# Did you hear...???



## Katura (Jun 21, 2007)

That Chirstina Aguilera is possibly having a baby???!!!

I know I know...I'm a gossip fiend...but seriously...can you imgaine how gorgeous that baby is gonna be?!!?!?

Joran and Christina seem like they are super in love...they willl make great parents if this is true!!!

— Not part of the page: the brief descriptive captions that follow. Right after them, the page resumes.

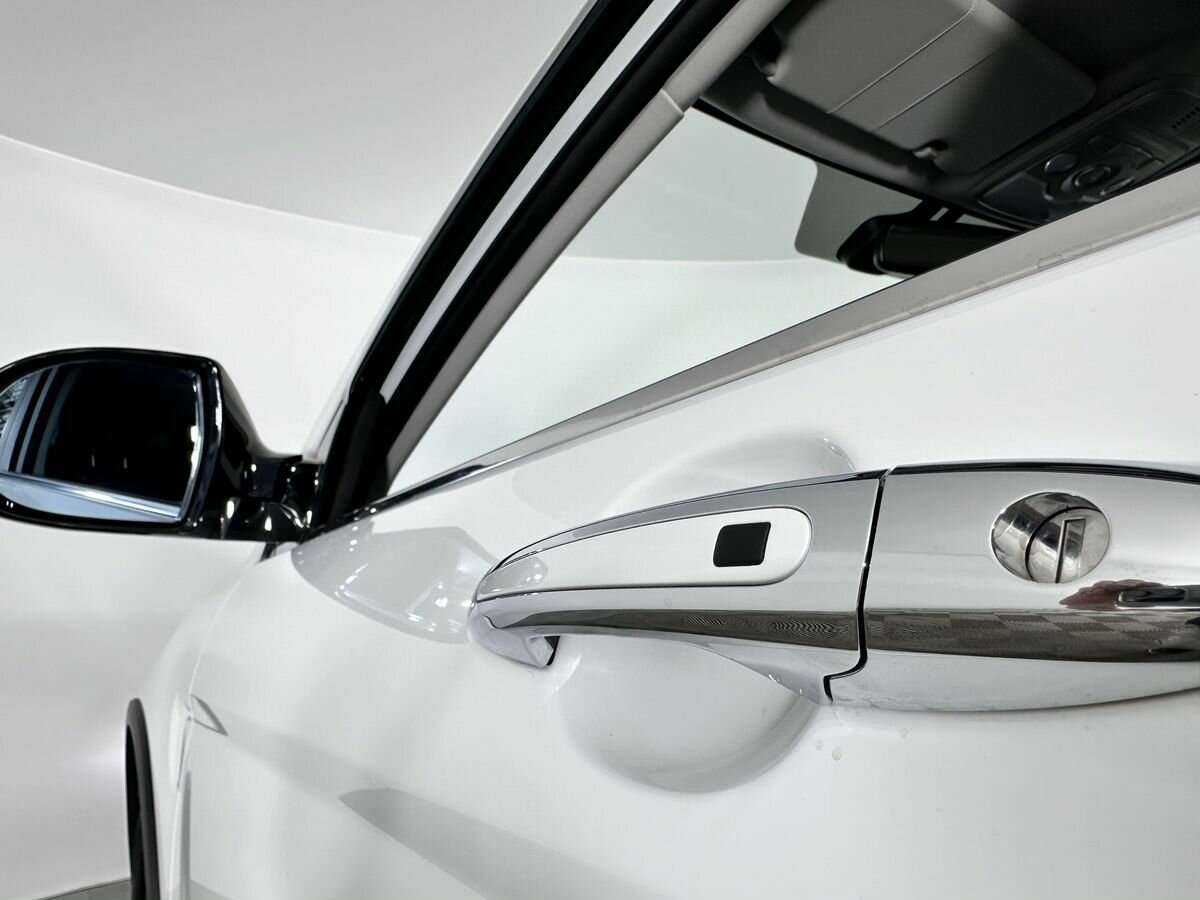 Продажа Б/У Хавал Х6. Фото: #8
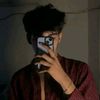 abdullah_72me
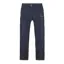 Montane Women's Tenacity XT Softshell Pants Regular Leg - Eclipse Blue
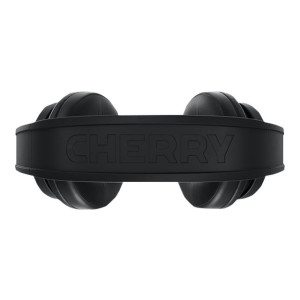 Cherry HC 2.2 - Headset - ohrumschließend -...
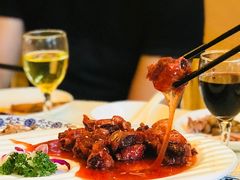 -茅溪菜·家宴(上品拾陆店)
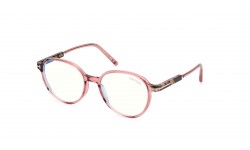 Tom Ford FT5910-B 072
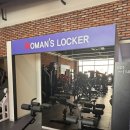 씨드짐휘트니스 PT 부천신중동점 이미지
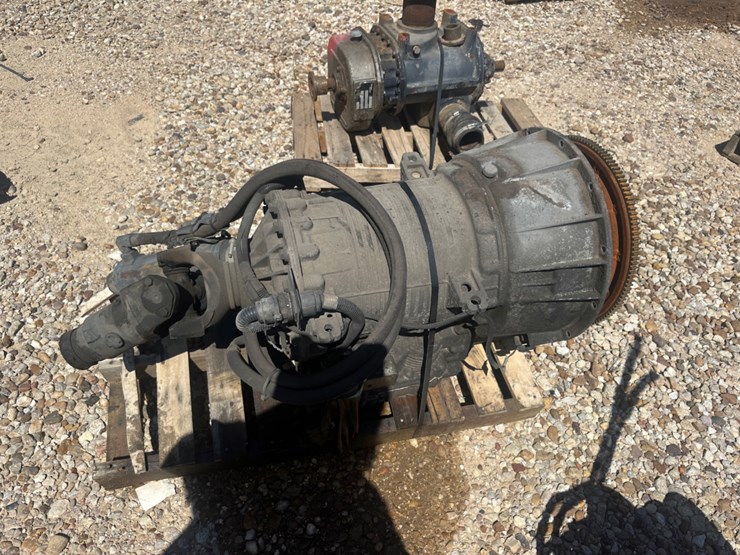 allison-transmission-image-1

I love Christina...she seems like sucha lady now 
	

	
	
		
		

		
			





 not so dirrrrrrrty haha


----------



## Trashionista (Jun 21, 2007)

I like her even when she's dirrrty lol 
	

	
	
		
		

		
		
	


	




but yeah, she'd be a cute pregnant chick too, I just know it!


----------



## Katura (Jun 21, 2007)

Taken in Osaka Japan at a concert this week! Look at her little bump!





Pic from Perezhilton.com


----------



## Trashionista (Jun 21, 2007)

hrm....yeah, she totally looks pregnant. that's not bloating! aww and she's even glowing...oh wait, that's probably just MSF har har har 
	

	
	
		
		

		
		
	


	




but wow. im definitely going to have to put my money on yes, she is pregnant. she looks around the 3 month mark. they're probably going to wait until shes past the 1st trimester to announce it. i can't wait!


----------



## xIxSkyDancerxIx (Jun 21, 2007)

Awww that's cute!

Poor daddy.. if it's a girl he's gonna have a lot of trouble keeping the guys away from his little baby! LOL


----------



## TangoMango (Jun 21, 2007)

I hope she's pregnant. She's going to be so cute (even cuter) IF she's pregnant. I already like her style, so I can't wait to see what she wears IF she is pregnant.


----------



## triccc (Jun 22, 2007)

She will the cutest pregnant lady ever!


----------



## macface (Jun 24, 2007)

I know she will be so cute.


----------



## aziajs (Jun 24, 2007)

I don't know how the baby will turn out but I think she will look adorable as a pregnant woman.  I hope they'll be great parents.


----------



## pumpkincat210 (Jun 24, 2007)

Quote:

   Originally Posted by *aziajs* 

 
_I don't know how the baby will turn out but I think she will look adorable as a pregnant woman.  I hope they'll be great parents._

 
surely they can't be worse than young hollywood.
I really like Christina's style now that she's no longer sporting the dirty image.


----------



## kimmy (Jun 27, 2007)

she's going to make the most adorable pregnant woman ever. she's so fabulous, and i bet her baby is going to be wearing the cutest clothes ever in life!


----------



## Raerae (Jun 27, 2007)

It's pretty crazy seeing all the women I grew up watching on TV and listening on the radio start haveing children.  And I love Xtina.  I've been a fan of hers since her first single Genie in a Bottle lol... You gotta rub me the right way!  I wasn't much of a mickey mouse club gal when I was little lol.

I still <3 her Stripped album.  One of my favorite CD's to this day.


----------